Below is the data dictionary for Karl. All entities are browsable via a REST-ful API.
A Directly Responsible Individual who may receive alerts.
Has a unique name. For the purposes of this doc, assume they have an e-mail address on file.
A collection of servers to monitor.
Has a unique name. Each Server belongs to one and only Service.
Effectively, { IP address / DNS name, port, HTTP route }.
Belongs to one and only Service. Has a unique name within the Service.
Identified by { Timestamp, Service::Server }.
ID space matches the one of Results.
Identified by { Timestamp, Service::Server }.
ID space matches the one of Scraped.
Identified by { Service, Name, Timestamps }.
Optional { Server, Tags }.
Name and tags are used for muting, see below.
Most alerts point to specific Scrape-s + Result-s for easier browsing.
Identified by { Alert, DRI }.
Generally, muted alerts are not sent out as pages (yet can be browsed), and everything else makes it to one or more DRI.
Identified by { Service, Alert Name }.
Optional: { Alert Tags }.
A single instance per Karl.
By default, muted alerts do not become pages, and non-muted ones are promoted to pages and sent to all DRIs. Paged alerts are then automatically muted by their { Service, Name }, any tags, for the next 15 minutes.

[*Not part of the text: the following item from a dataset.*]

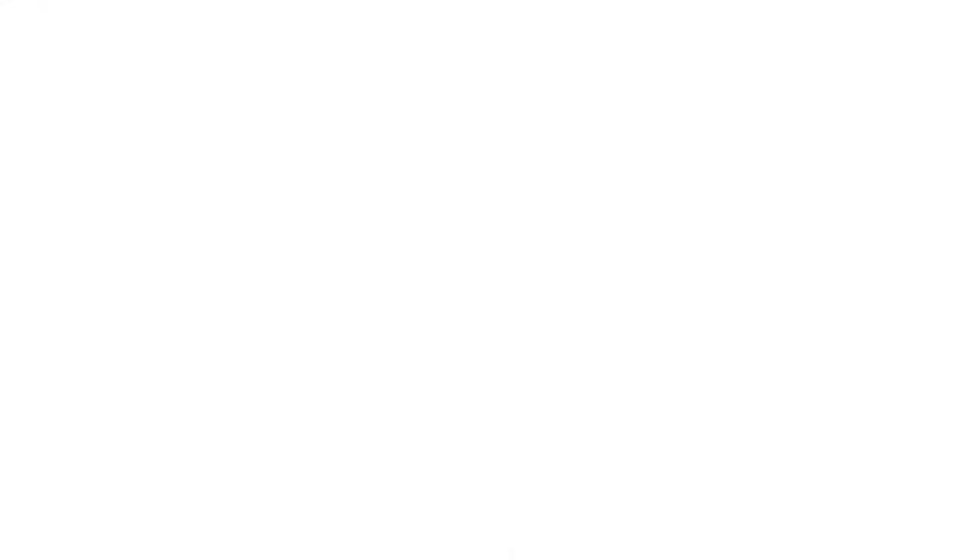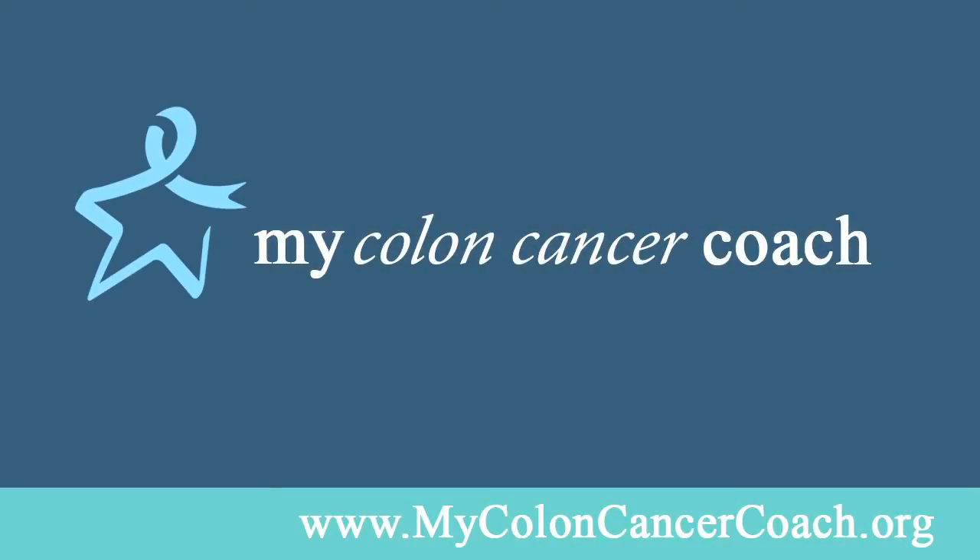It's important for the patient to be aware of these side effects so the patient and the doctor can discuss them, and almost all of them are treatable if we address them early on before it gets out of hand. For an interactive tool to learn more about your colon cancer and your personalized treatment options, go to MyColonCancerCoach.org.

Dispatcher contains the more sophisticated logic that takes into consideration:
- current muting configuration
- alert severity
- DRI configuration
- alert delivery media (e-mail, SMS, etc.)
- time of day
- vacations calendar
- etc.
and makes the decision as per which alerts to promote to pages, and whom to deliver them using which media.
Alerts are defined and configured in a C++ file. No bare strings are used; each entity is defined as a variable of certain type, and then passed over.
A running Karl exposes a dashboard. Karl is also Claire: it is safe to run under cron
, and it is friendly with continuous integration.
Everything is stored in Current Storage, with a REST-ful browsing API for viewing current configuration, scrapes, their results, alerts, pages, and mutes. Mutes can be set, prolonged/shrinked, and unset via this API.
TODO(dkorolev): Discuss aggregation master-plan with Max.
For Claire binaries requiring extra time to start up or tear down, pass karl::WarmupPeriod(FLAGS_warmup_period_ms)
and/or karl::ShutdownPeriod(FLAGS_shutdown_period_ms)
. This will tell Claire to allow for more time before switching form graceful to non-graceful shutdown of an already running binary in case it is expected by design to take more than the default three seconds to start up or to tear down.
The state can be changed programmatically from "StartingUp" to "Running" and from "Running" to "ShuttingDown". Use CLAIRE_DECLARE_BINARY_RUNNING()
and CLAIRE_DECLARE_BINARY_TERMINATING()
to change the state programmatically. Externally exposed state will also be used for load balancing.